* [What is needed] Word for word, repeat the lines of the records from the first line up to and including the line that contains "Wandering Jew 10", passing over any pictures.

[Start of section]

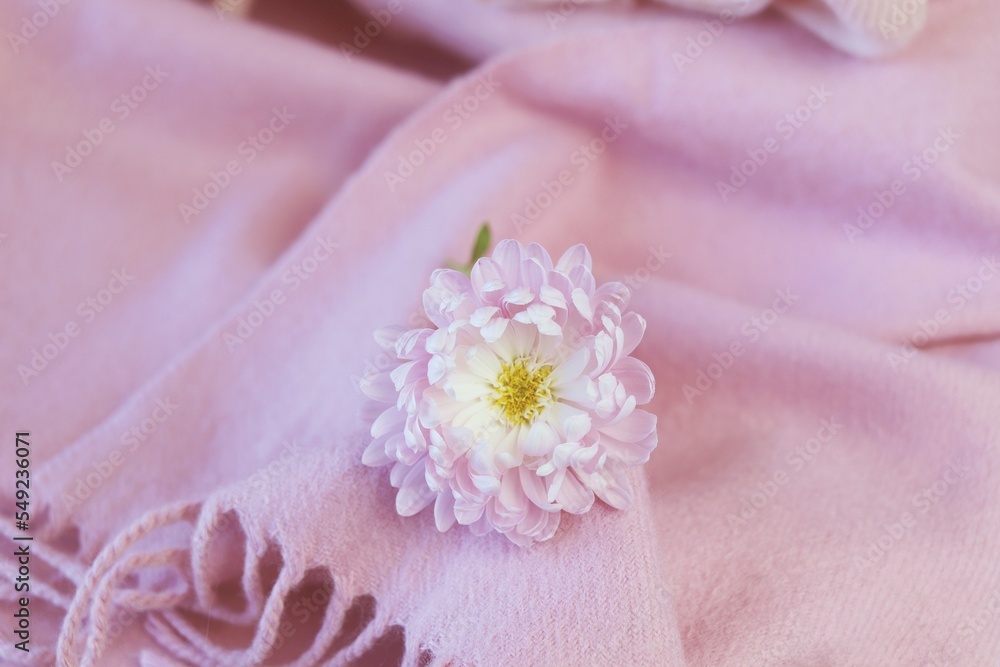 Cashmere texture, natural wool, pink cashmere clothes folded on the table, fabric background, top view, concept of warmth and winter comfort Cashmere texture, natural wool, pink cashmere clothes folded on the table, fabric background, top view, concept of warmth and winter comfort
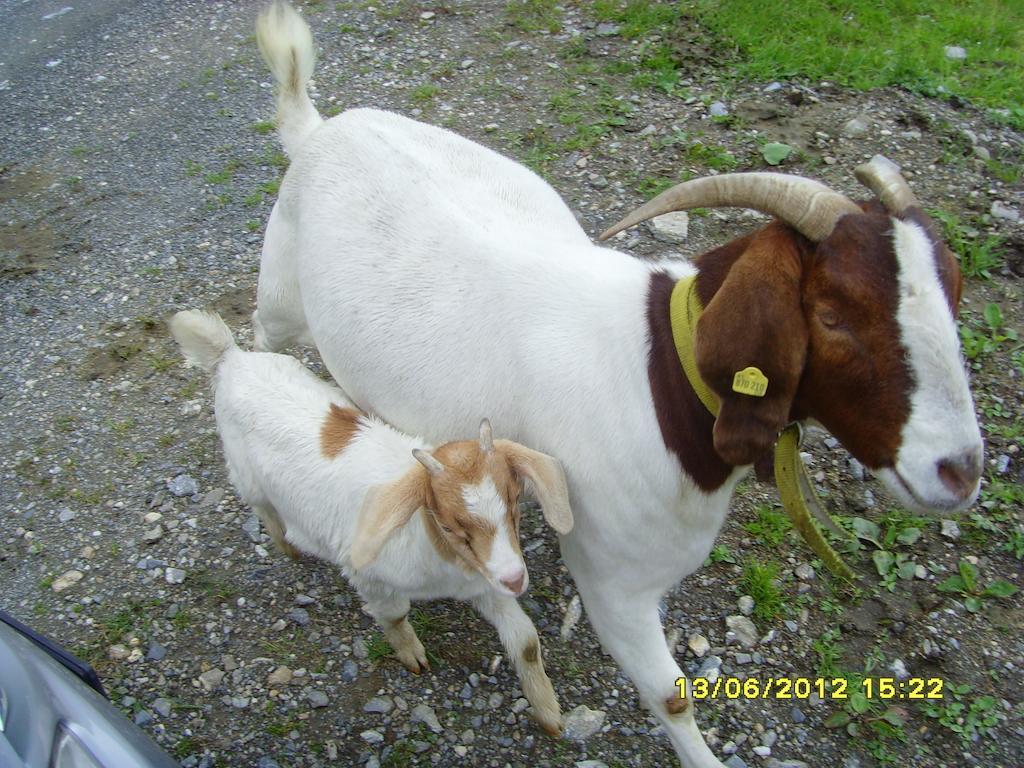 Fusch an der Grossglocknerstrasse Feriendorf Ponyhof酒店 外观 照片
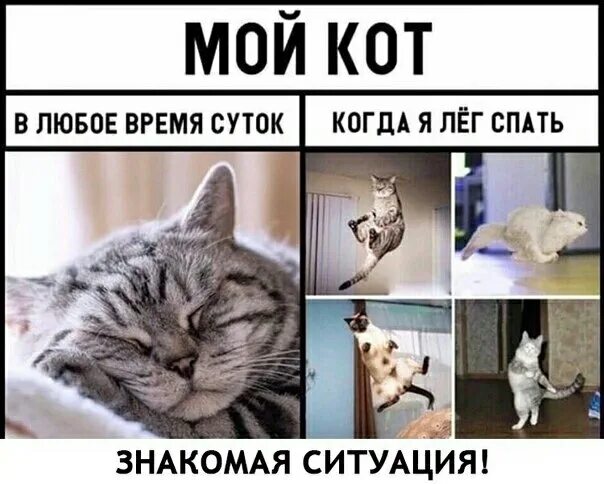 Коты мемы. Кот Мем. Мемы про котиков. Кот хочет есть.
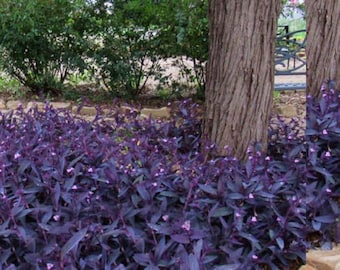 Wandering Jew 10 Cuttings, Purple, Easy to Grow Perennial Plant, Free Shipping, Add Beauty to your Landscaping, Ground Cover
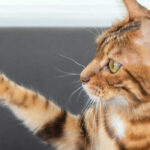 como introducir nuevas ordenes durante el adiestramiento de gatos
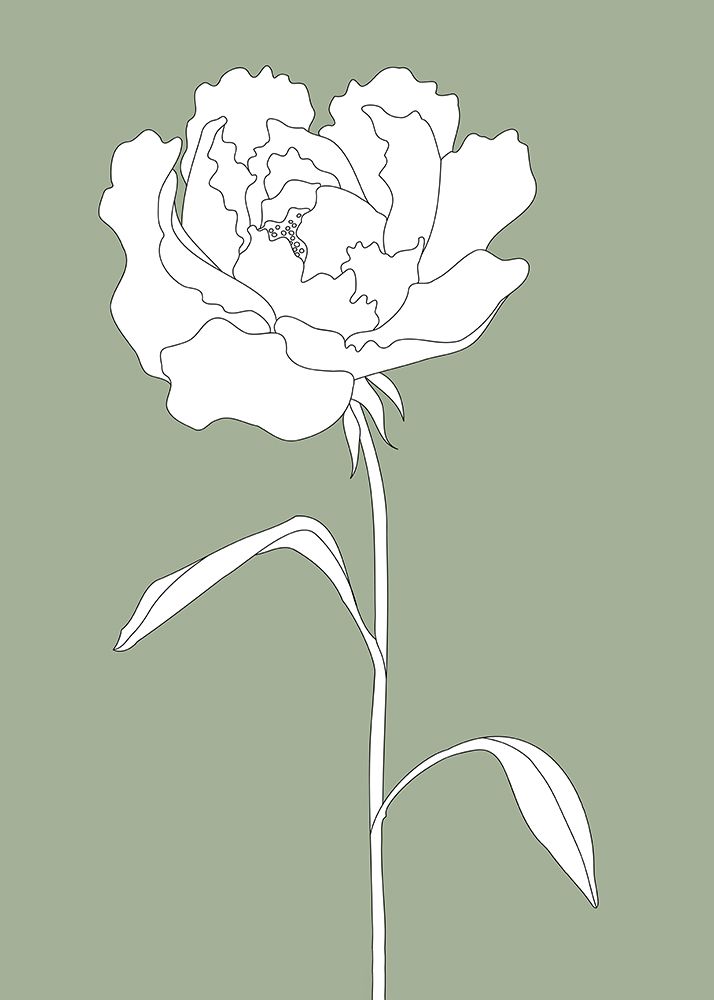 Rose in Green art print by Pictufy Studio II for $57.95 CAD
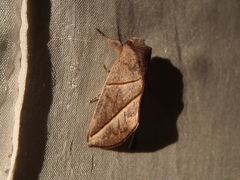 Hemiceratinae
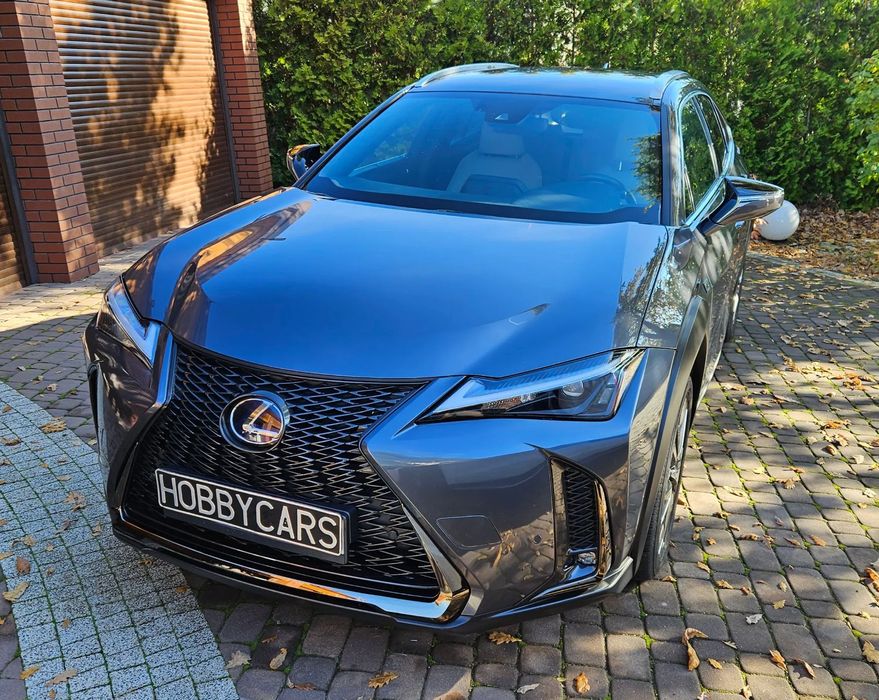 Lexus UX Salonowy. Zadbany. 1 Prywatny właściciel. Certyfikat.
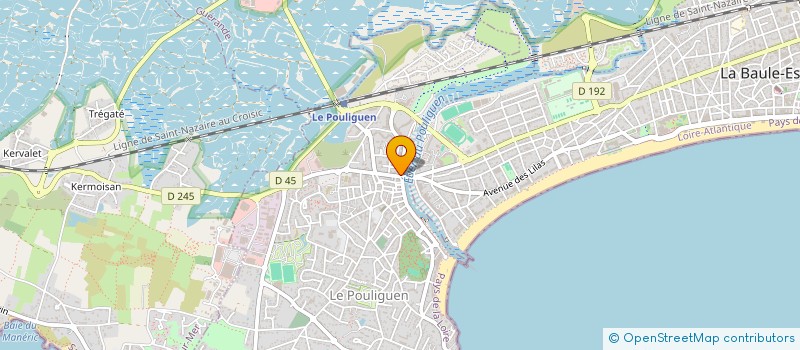 localisation de l'entreprise MADAME JANE DOUNONT  LE POULIGUEN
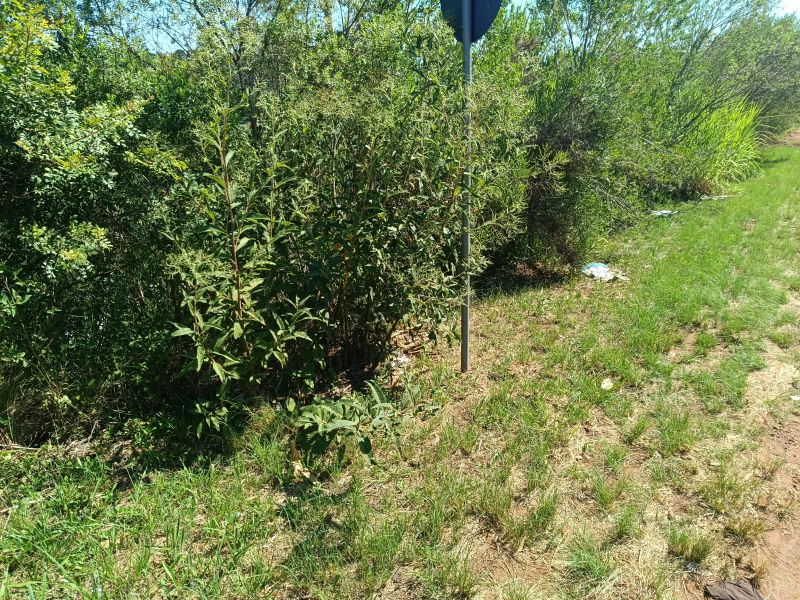 Terreno no Champagnat (foto 18 de 25)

[End of section]

* [Your response]
 Cashmere texture, natural wool, pink cashmere clothes folded on the table, fabric background, top view, concept of warmth and winter comfort Cashmere texture, natural wool, pink cashmere clothes folded on the table, fabric background, top view, concept of warmth and winter comfort
 Fusch an der Grossglocknerstrasse Feriendorf Ponyhof酒店 外观 照片
 Коты мемы. Кот Мем. Мемы про котиков. Кот хочет есть.
 Wandering Jew 10 Cuttings, Purple, Easy to Grow Perennial Plant, Free Shipping, Add Beauty to your Landscaping, Ground Cover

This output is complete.